1.28.2014

This Next Semester

This semester so far feels like a brick wall has just ran into me. No, not the other way around--it's I didn't run into it, it ran into me.

Apparently I was under the assumption that when I came back that most things would be the same. Well, that's not true. And it only took one day for me to figure that out. Some of the changes I was expecting--sure I'd get new classes, try start better habits, get a new roommate and have a different schedule, but boy oh boy. These past few days have really reformed the way I think. Not only have they forced me to grow up a bit more, but they again just show me how large the world is, how small I am and how BIG my God is still.

How much I am learning about just getting up and getting stuff done. How much I have to do! And the thing is, it’s just that simple. Honestly, there aren't many complexities—just getting up and doing things is all there is to do.
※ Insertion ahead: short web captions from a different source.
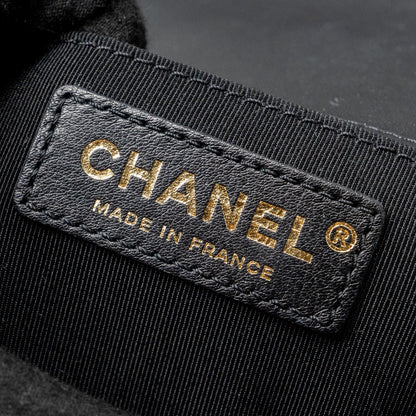 Chanel medium boy bag smooth calfskin black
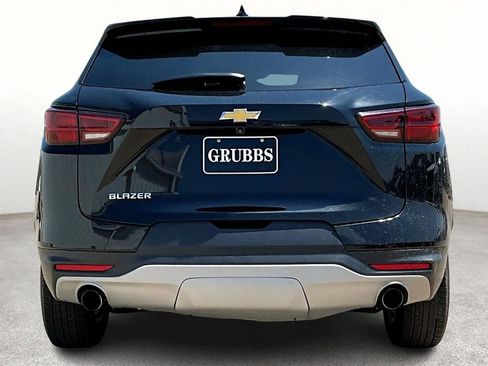 Used 2023 Chevrolet Blazer LT image 6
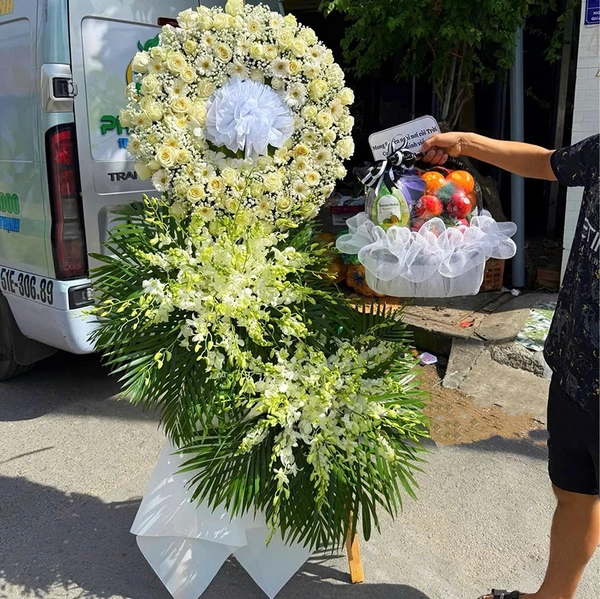 Kệ Hoa Chia Buồn Vòng Hoa Hồng Trắng Thành Kính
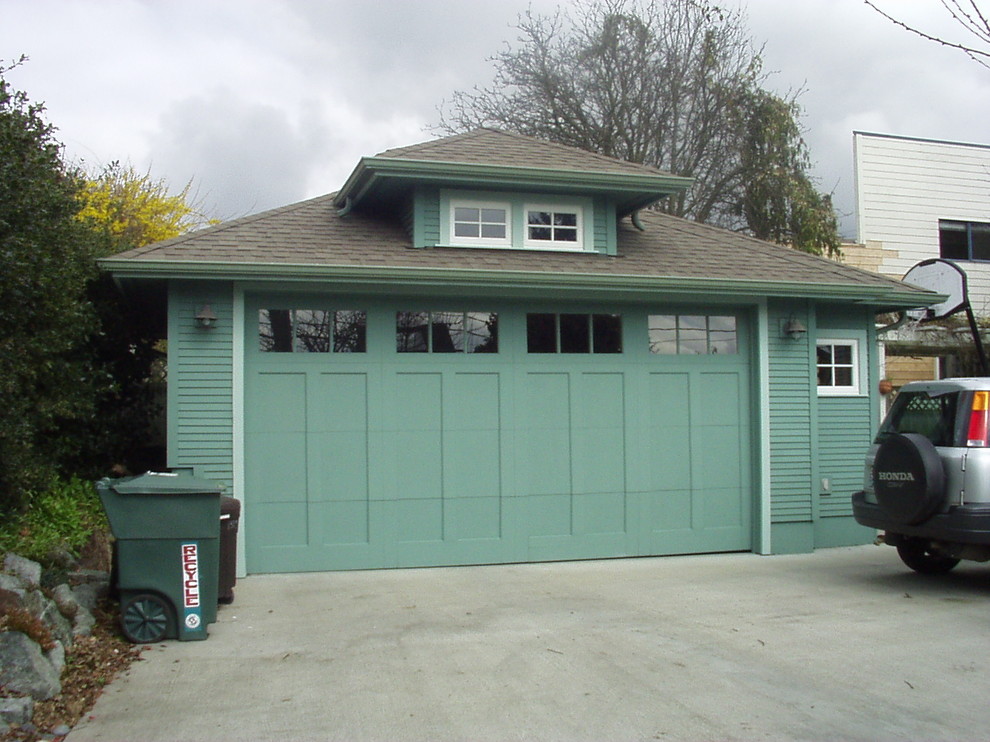 This is an example of a classic garage in Seattle.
It’s that step, that initiative that makes things happen and keeps certain things rolling.

I've gotten kicked in the butt about this lately. I've been reminded that trust is not necessarily sitting back and waiting for things to happen, but taking action and knowing that God's in the middle of it all and the outcome is in His large loving hands. I'm reminded on the conversation in Where the Red Ferns Grow between the boy and his grandpa. His grandpa told him that sometimes, you have to meet God halfway--do your part, and He will do His. Now, I've also learned that  discerning this is a bit harder in certain situations, but you have to be able to let go of obsessively controlling the outcome and actions involved with it.  

During this time of tribulation and change, I know that God is walking with me, even if  my life feels like an impending plane crash.
 
 
"As the Father has loved me, so I have loved you too; abide in my love."